We built a time-aware commonsense knowledge model, TaCOMET. Existing COMET models were trained to build TaCOMET, using event commonsense knowledge graphs with interval times between the events, TimeATOMIC.
This repository includes Japanese / English versions of TimeATOMIC and the links to the model pages in Hugging Face.

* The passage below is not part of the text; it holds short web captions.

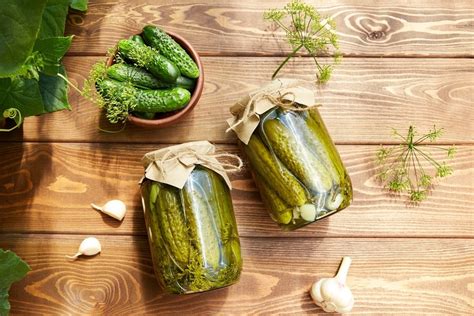 klasikinių marinuotų agurkų stiklainis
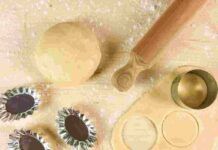 Unisci il Burro, le uova e lo zucchero| ti preparo una frolla da paura in 5 minuti frolla 5 minuti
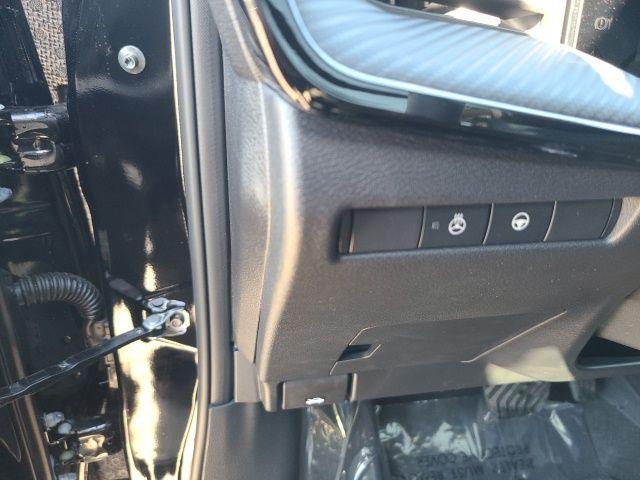 new 2026 Nissan Kicks car, priced at $32,000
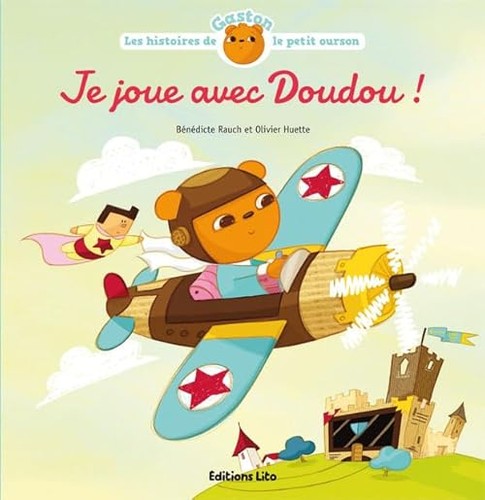 Gaston joue avec doudou - -,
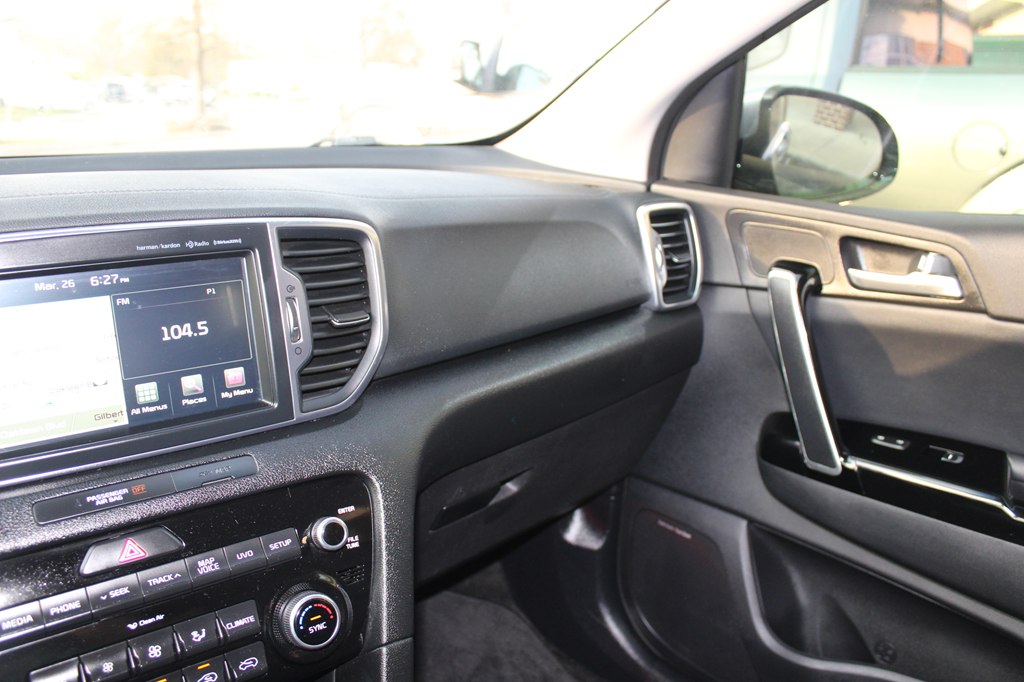 Photo 16 of this KIA SPORTAGE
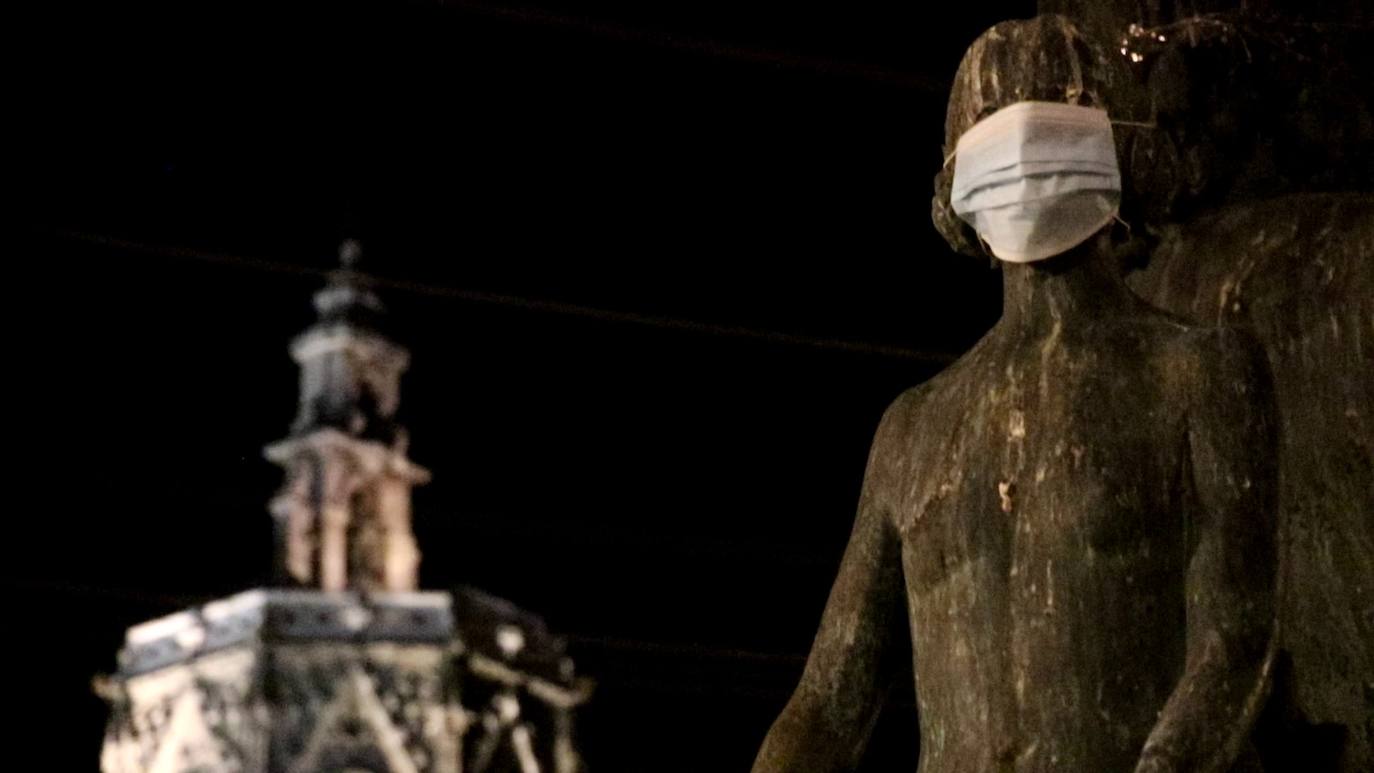 Mascarillas en las fuentes de Valencia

The training scripts are also included in each folder.
These are introduced in NLP2024 and LREC-COLING2024.
.
├── en
│ ├── data
│ │ ├── test.jsonl
│ │ └── train.jsonl
│ └── train.py
└── ja
├── data
│ ├── mrph_test.jsonl
│ ├── mrph_train.jsonl
│ ├── test.jsonl
│ └── train.jsonl
└── train.py
./*/data/
contain TimeATOMIC split into train/test set.
./ja/data/mrph_*.jsonl
are ones segmented into words by Juman++.
The resulting TaCOMETs are available in Hugging Face. Note that the Japanese one is trained with Juman++ pre-process.
Language | TaCOMET | Base COMET |
---|---|---|
Japanese | link | link |
English | link |
link |
* We used COMET-distil-high, introduced in this paper, from this GitHub repo.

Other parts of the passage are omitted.